Saturday, May 30, 2009

Week #2 Eureka Moment

I rarely watch reality TV, however last night when I turned on the television after a nap, Wife Swap was on. I've caught tid-bits of this show before and found it occasionally interesting because the show's producers usually feature completely opposite families. Last night's show was no exception, however it really highlighted gender expectations of two different families.

One family from Louisiana, was very traditional in thinking a "real man" is tough, macho, and rough and a women's role consists of cleaning, cooking, and general housework. The husband and three son's appalled doing anything considered feminine and the wife agreed with these views.

The other family from California, consisted of a husband and wife team of ballet dancers and their son, also training to be a dancer. The family was very interested in the arts, cheese & wine, theater, and opera. The wife and husband both do household work, such as cleaning and cooking. Needless to say, these two families experienced a lot of culture shock when the wives of each family went to live with the other family.

The show starts with the wives from the other families living to the hosting families expectations. The wife from California was pretty annoyed that she was expected to do ALL the housework, and was quickly exhausted without the help of others in the house. The wife from Louisiana was obviously uncomfortable and was constantly putting down the husband and son from California stating they were not real men; that no woman would want a "soft man" who acts feminine and likes to dance and use moisturizer.
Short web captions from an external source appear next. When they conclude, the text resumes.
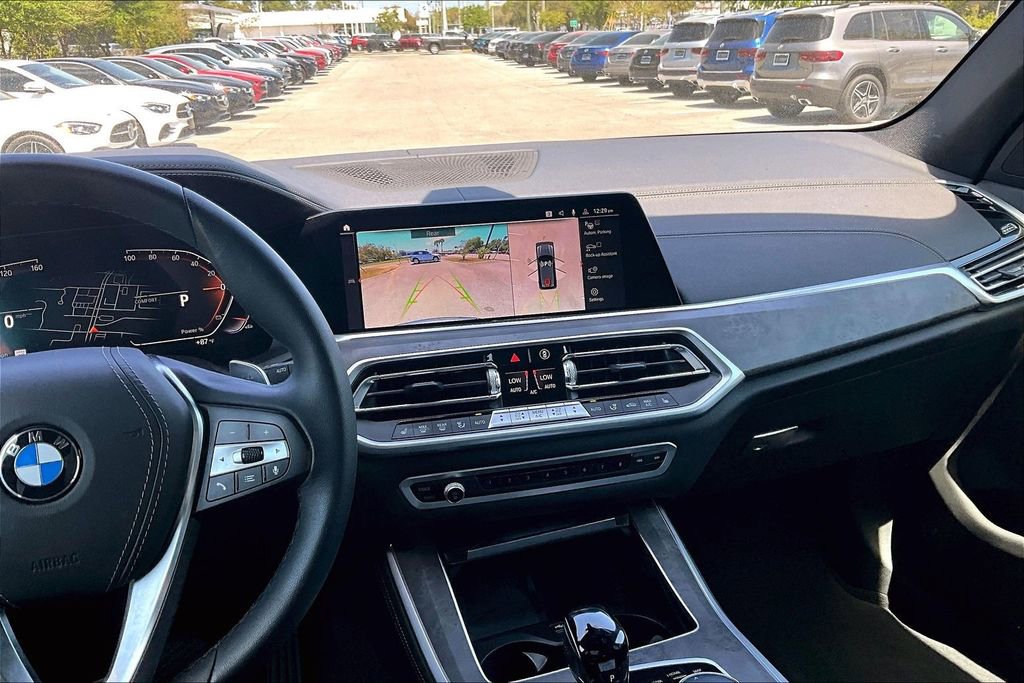 Used 2023 BMW X5 sDrive40i w/ Premium Package image 9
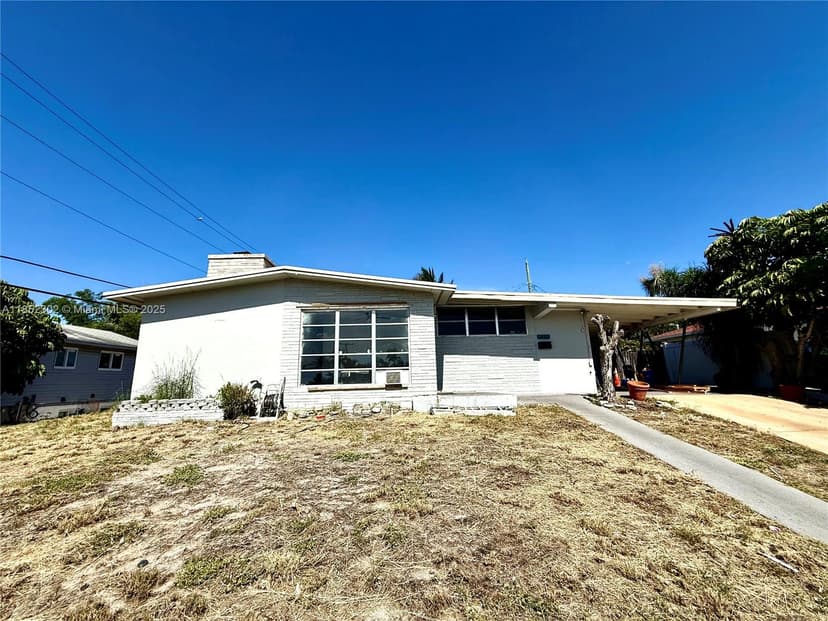1426 Hillcrest Dr, Lake Worth FL 33461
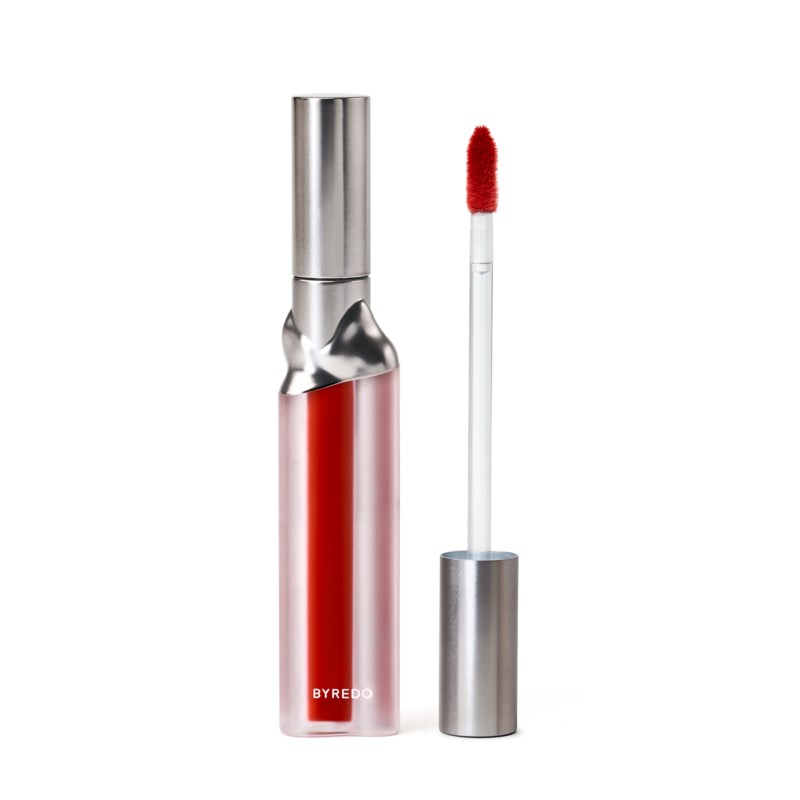 Liquid lipstick matte space in between 1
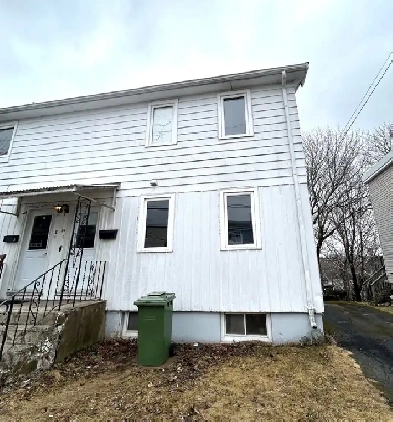 26-041 Lovely home in Central Dartmouth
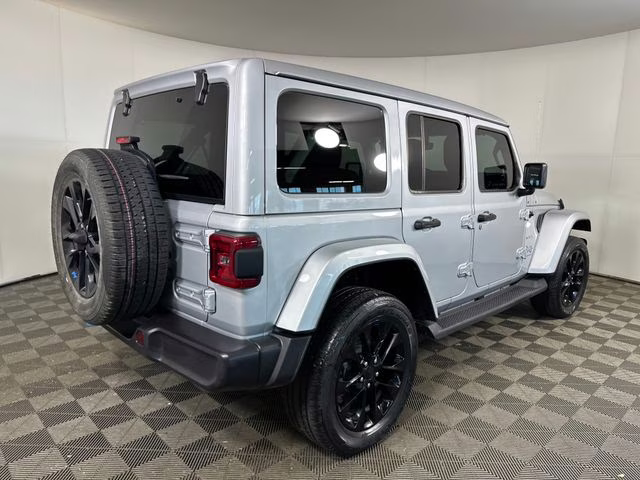 2023 Silver Zynith Clearcoat Jeep Wrangler Sahara 4xe 4X4 SUV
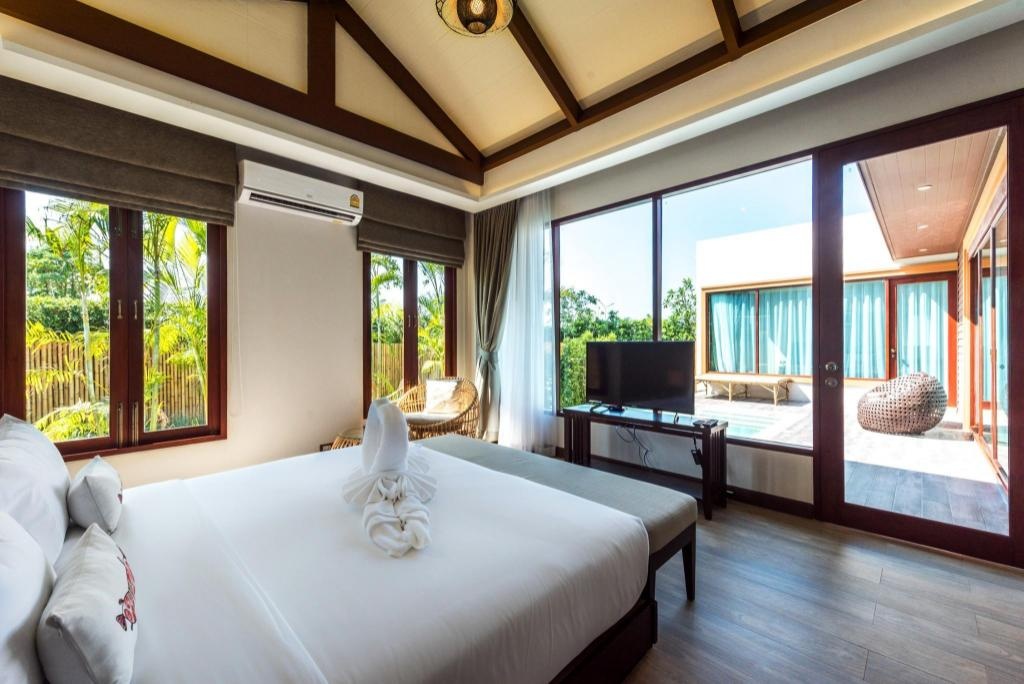 Triple Tree Beach Resort  Rooms  Grand Pool Villa Bedroom 1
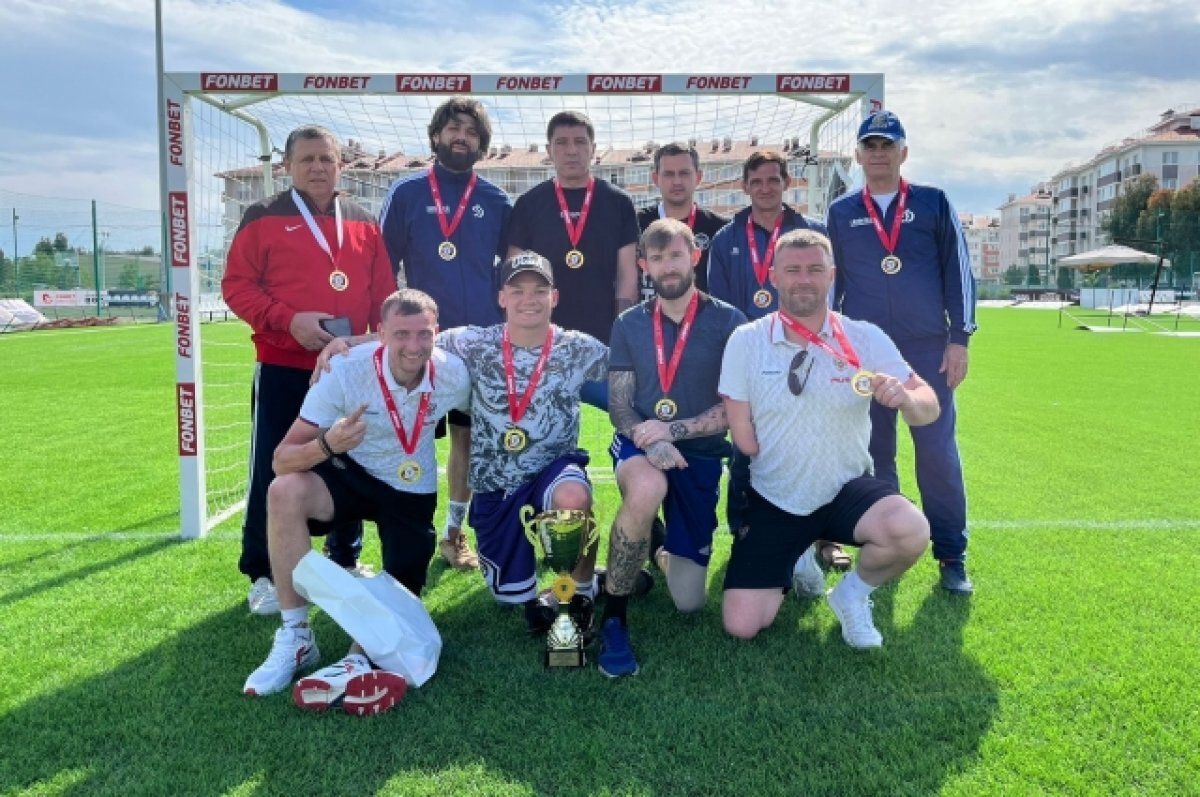    Для футболистов команда – это вторая семья.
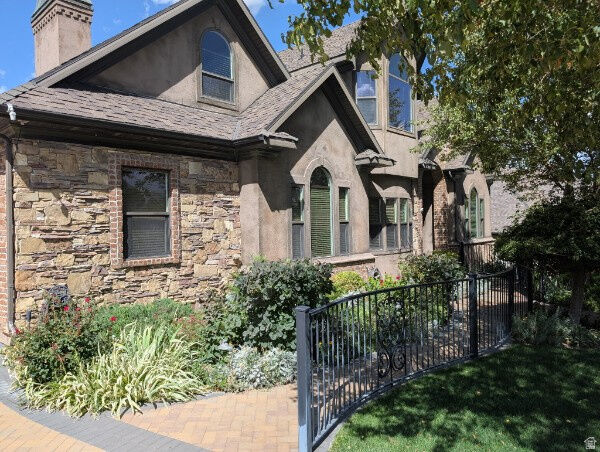 Property Photo: 660 E Eagle Ridge Dr S UT 84054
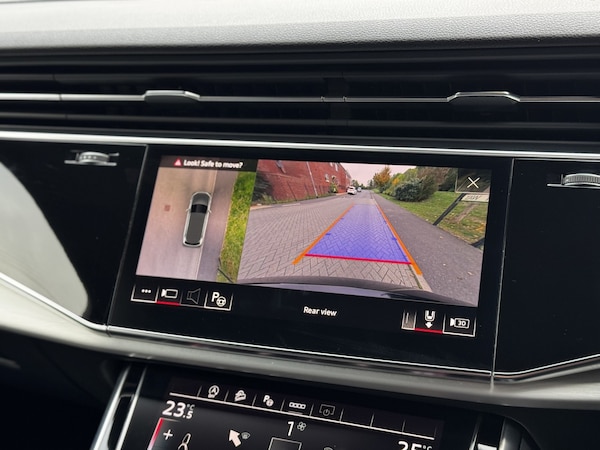 Used Audi SQ7 2021 for sale - 76023934: Photo 17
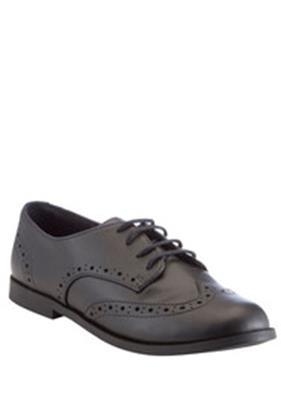 be plain black leather with a maximum 2cm heel.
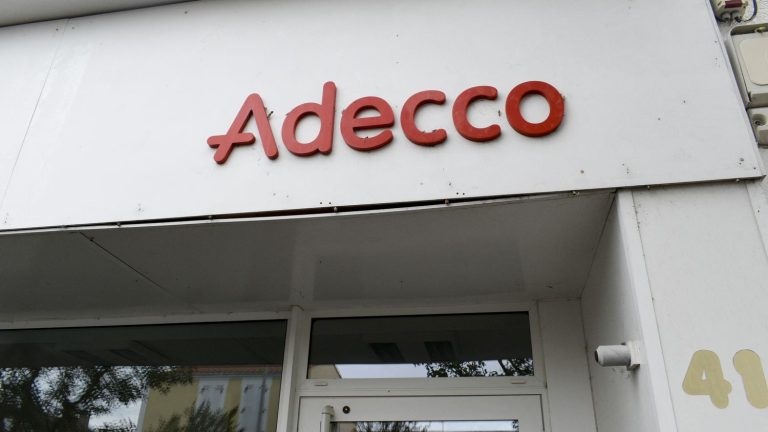 We tell you about the racist registration case in which the Adecco temporary employment network is on trial, 22 years after the facts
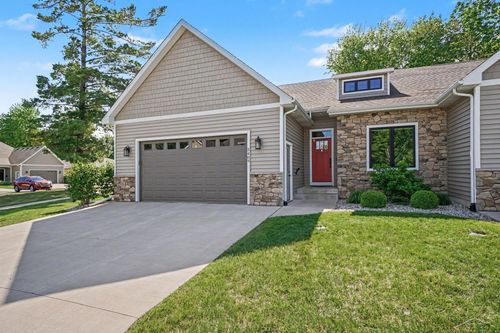 5409 Greenridge Dr, Midland, MI, 48640-2288 | Card Image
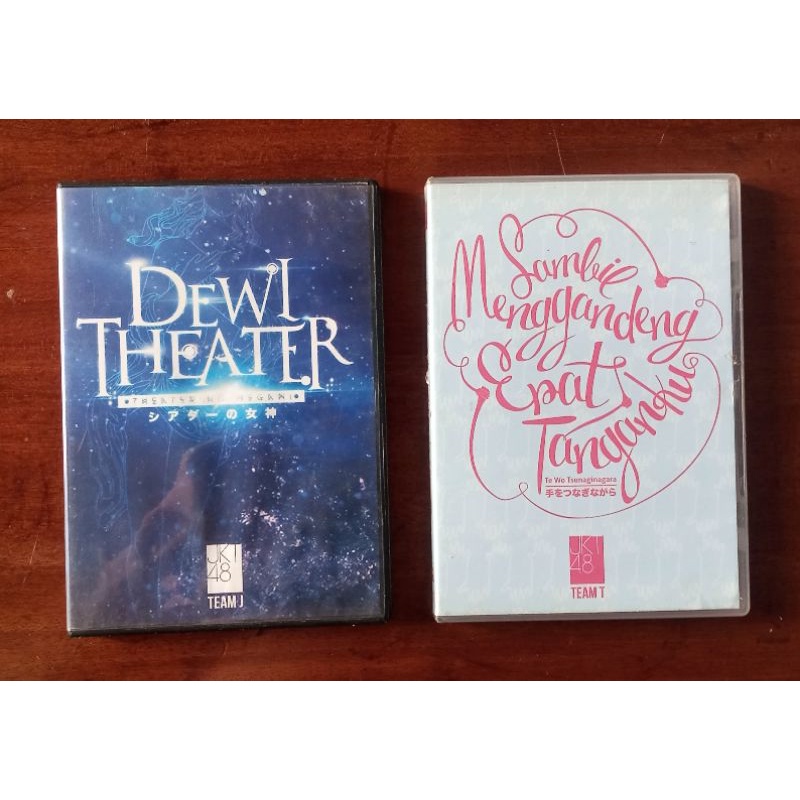 ALBUM DVD CD JKT48 OFFICIAL THEATER NO MEGAMI TNM DEWI THEATER TEAM J SAMBIL MENGGANDENG ERAT TANGAN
For the second half of the show the wives set the rules and try to make the families live how they prefer. The wife from Louisiana said she was "more of a man" than the husband from CA. She told them she was going to teach him, and his son, how to be real men. She brought in a huge biker looking guy to do a sort of military routine which had them rolling in mud and grunting.

The wife from California attempted to make the husband and children from Louisiana to do some housework and was going to teach the boys ballet. The husband promptly announced "they're not girls, they're boys". The husband, after doing housework, said "it's lazy persons work" (sp). And when one of the boys refused to do laundry the conversation went like this:
Wife Swapee: "Your going to have to learn how to clean up
after yourself."

Boy: "No, I won't."
Wife Swapee: "oh, yeah..who's going to clean up after you?"
Boy: "My girlfriend!"

It was clear neither family was comfortable stepping out of their boundaries. The show really made me think a lot about how our family and community impact our expectations of men and women. Both of these families were on the opposite spectrum when it comes to gender beliefs, and both were pretty unaccepting of each others values. From an viewer's perspective, the show is amusing and entertaining but may also help watchers reflect on their own beliefs and learn to be more open and respectful of other's values. It might actually be a decent reality show, at least this episode.

1 comment:

  1. Reposting my week 2 comments as they were not posted correctly before.

    Hi Kesha,

    I'm proud of you for sticking your ground when talking with your aunt. I’ve been in that situation and I’ve buckled and just walked away with out saying anything. Here’s my story: I have been with my boyfriend for seven years. We lived together between years 1.5 to about 6.5. At about three years we were engaged but I broke it off because I felt we both had some growing to. Three years after breaking it off, I realized I was the one doing all the changing. I hate to admit it but I had become co-dependant and was "waiting" for him to change. I finally realized I needed to get back in touch with myself and moved out on my own. (I read a lot of good books, namely "Loving him without Loosing Yourself", if anyone is interested.) Anyhow, we are still together, being monogamous, but live in separate houses. Before I moved out his mother was constantly asking me when I was going to marry her son and his dad was always pressuring to give him some grandchildren. This made me very uncomfortable and it actually helped me with the decision to move out. I still get a lot of grief from his family, mostly his mother. I think society’s expectations of relationships and marriage are changing but many are trying to hold onto previous expectations because it is more comfortable.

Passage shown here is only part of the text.